Vous vous souvenez, l’an dernier, on disait qu’il fallait aplatir la courbe. La stratégie "zéro covid", elle, veut écraser la courbe. La stratégie "zéro covid" ne veut pas apprendre à vivre avec le risque, elle veut écarter le risque.

Et pour ça, il faut passer par une stratégie beaucoup plus agressive, avec un confinement très strict de plusieurs semaines, puis une attention très forte à la moindre apparition de cas. Auckland en Nouvelle-Zélande l’a vécu il y a une semaine tout juste : trois cas ont été découverts et la ville a été totalement confinée pendant trois jours. Cette stratégie a été appliquée avec succès en Asie, en Océanie.

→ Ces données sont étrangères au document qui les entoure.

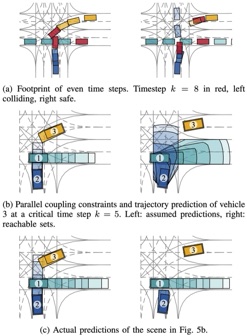 Colliding and safe intersection trajectories with vehicle predictions and reachable sets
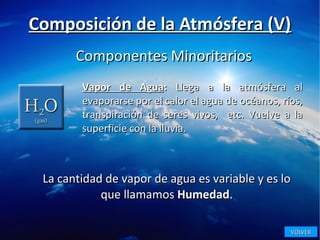 Composición de la Atmósfera (V)Composición de la Atmósfera (V)
Componentes MinoritariosComponentes Minoritarios
Vapor de AguaVapor de Agua:: Llega a la atmósfera alLlega a la atmósfera al
evaporarse por el calor el agua de océanos, ríos,evaporarse por el calor el agua de océanos, ríos,
transpiración de seres vivos, etc. Vuelve a latranspiración de seres vivos, etc. Vuelve a la
superficie con la lluvia.superficie con la lluvia.
La cantidad de vapor de agua es variable y es loLa cantidad de vapor de agua es variable y es lo
que llamamosque llamamos HumedadHumedad..
VOLVERVOLVER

Et chez nous ? Personne n’en parle, même chose en France, jusqu’à la semaine dernière. En Allemagne, le débat a été lancé par une partie de la gauche, sans succès pour le moment. Pourtant, tout était parti de la grande star des épidémiologistes, l’Allemand Christian Drosten et d’un texte qu’il a cosigné dans la revue scientifique The Lancet, et qui appelait l’Europe à prendre des mesures beaucoup plus fortes.

Et parmi les signataires, on retrouve des Belges, par exemple Emmanuel André, Marius Gilbert, Herman Goossens, Erika Vlieghe. Beaucoup d’experts très influents. Et pourtant, cette stratégie "zéro covid" n’a jamais été abordée au niveau politique. Comme partout ailleurs en Europe, d’ailleurs, ce n’est pas une particularité belge. Mais on doit s’interroger : pourquoi n’ose-t-on même pas en discuter dans cette partie-ci du globe ? La réponse à cette question dira beaucoup sur nos échecs dans la gestion de cette pandémie.